What's more, if the component of $\boldsymbol a$ is also a matrix, in which way the conclusion should be fixed?
Best Answer
A cute proof that involves your suggested relation goes as follows. First, note that by definition, $\mathbf a \cdot \boldsymbol \sigma$ is a $2\times 2$ traceless Hermitian matrix. As such, its eigenvalues are $\pm c$ for some $c\in \mathbb R$ (because its trace is just the sum of its eigenvalues) and its determinant is $-c^2$ (because its determinant is the product of its eigenvalues).
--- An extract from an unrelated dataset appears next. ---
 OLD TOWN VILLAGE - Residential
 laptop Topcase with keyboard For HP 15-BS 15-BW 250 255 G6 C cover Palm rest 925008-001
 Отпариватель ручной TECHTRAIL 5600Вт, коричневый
Therefore, we have that $$\mathrm{det}\big((\mathbf a \cdot \boldsymbol \sigma)^2\big)= \mathrm{det}(\mathbf a \cdot \boldsymbol \sigma)^2 = c^4$$
However, note that $$(\mathbf a \cdot \boldsymbol \sigma)^2= a_i a_j \sigma_i \sigma_j = a_i a_j (\delta_{ij} I_2 + i\epsilon_{ijk} \sigma_k)= a^2 I_2$$ where we've used that, because $a_ia_j$ and $\epsilon_{ijk}$ are respectively symmetric and antisymmetric under the exchange $i\leftrightarrow j$, their contraction vanishes. However, $\mathrm{det}(a^2 I_2) = a^4$, and so comparison with the above yields that $\mathrm{det}(\mathbf a \cdot \boldsymbol \sigma)= - a^2$.